From getting ready for Thanksgiving to growing a mustache for charity.
For aspiring authors, November is all about NaNoWriMo.
For those who don’t know, NaNoWriMo stands for National Novel Writing Month. Founded in 1999, NaNoWriMo challenges people to write 50,000 words of a novel during the month of November. NaNoWriMo is expecting 400,000 participants from 6 continents in 2014. (I am guessing Antarctica is the lone hold out.)
I have participated in NaNoWriMo several times and here’s why I think it is worth it for authors to give this month-long writing challenge a try.
1) You make a public commitment to your writing.
When you want to get something done, nothing holds your feet to the fire quite like telling everyone you know that you are going to do it. A public statement. Shout it out to the world.
NaNoWriMo is all about making a public commitment to your writing. You sign up, enter the name of your novel and its genre, and then you are added as a formal participant of NaNoWriMo. One of the 400,000 who had the courage to take that first step.
Once you make that commitment, your dream of writing becomes a reality. You have proclaimed yourself a writer and you need to live up to that expectation.
Admittedly, signing up for NaNoWriMo is not on the same level as taking out a full-page advertisement in the local newspaper to announce your writerly intentions.
But you have made the commitment and it is a true test of how much you want to be a writer.
Added bonus: Tell your family and friends that you are doing NaNoWriMo or even post on Facebook and Twitter to further that public commitment.
2) You are forced to put down words on the page.
Bottom line is that you are not a writer unless you write.
With art and writing, too often folks just think that one can create when inspiration strikes. But like most things in life, hard work over time is what carries the day. I learned this lesson in my martial arts journey and it is one that applies to my writing career as well.
NaNoWriMo has a pretty clear goal: 50,000 words written in a month.
That comes down to 1,666 words a day – give or take a few.
This is a challenge. Some days you only put down 500 words and then other days 2,500 words magically appear.
While the number of words is important, another benefit is that you develop a strong writing habit over a month. As a result of my now established writing habit, I find when I miss writing days that a feeling of dissatisfaction permeates my life.
Developing a daily writing habit is one of the most important things you can do as a writer, and NaNoWriMo gets you on the right track.
The better part of my fantasy novel Black River (to be released in Winter 2014-5) was written during NaNoWriMo with the rest finished during that daily writing.
Extra bonus: Outside of the confines of the word race that is NaNoWriMo, I am most comfortable writing about 1,000 words per day.

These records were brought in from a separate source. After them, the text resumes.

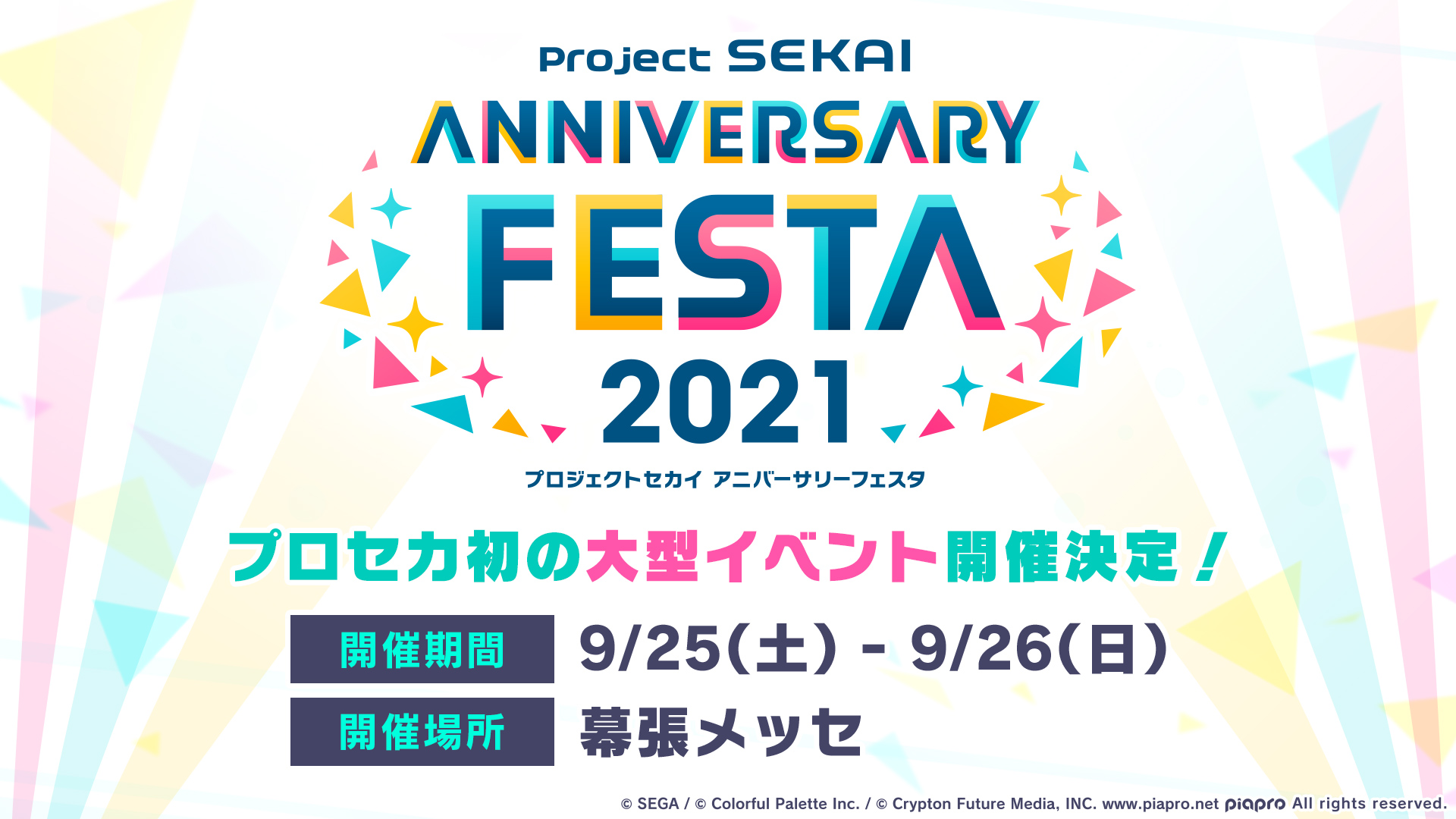プロジェクトセカイ カラフルステージ Feat 初音ミク プロセカ プロジェクトセカイ アニバーサリーフェスタ 21 プロセカ初の大型イベントを開催 詳細は9月3日 金 の生放送でお届けします 開催期間 21年9月25日 土 26日 日 開催場所
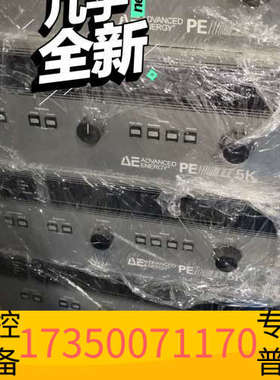 华泰新到几台太阳能光伏电镀设备拆下来AE PEII-5K电源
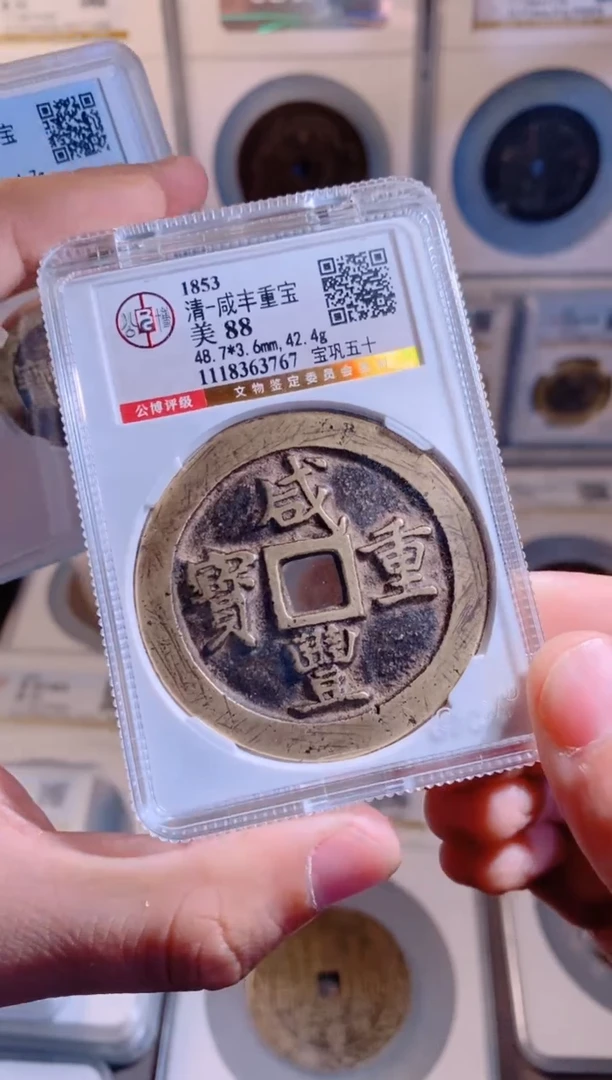 【闪购商品】铜咸丰重宝巩五十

NaNoWriMo is great because it 1) pushes me outside of my comfort zone, and 2) shows me that I can write more words than I had previously thought. (And no, the words in this blog post unfortunately do not count towards my daily NaNoWriMo goal.)
3) You can get deals from their sponsors.
Those who know me know that I am not motivated by swag bags or special time-limited offers. And honestly I am reluctant to sign up for lists for fear of being bombarded by emails.
So what gives with my like of NaNoWriMo sponsors?
First, all the sponsors offer products directly related to writing and you either get deep discounts (often deeper if you write those 50,000 words) or freebies. You are also the one to approach these sponsors for the deals so you only get what you sign up for.
I took advantage of Scrivener‘s deal when I completed my 50,000 words, and I got two things: a deeply discounted writing software product and an introduction to my favorite writing program out there. Scrivener has been the writing tool that has pushed my creativity further than anything else out there. And I have NaNoWriMo to thank for the introduction.
Tip: Scrivener offers a special trial period so NaNoWriMo participants can use it for free during November. (Yes, I know I sound like a shill for Scrivener but don’t worry I paid them and they don’t pay me. I just really like their product.)
Have you ever done NaNoWriMo? What did you like about it? How did it change your writing?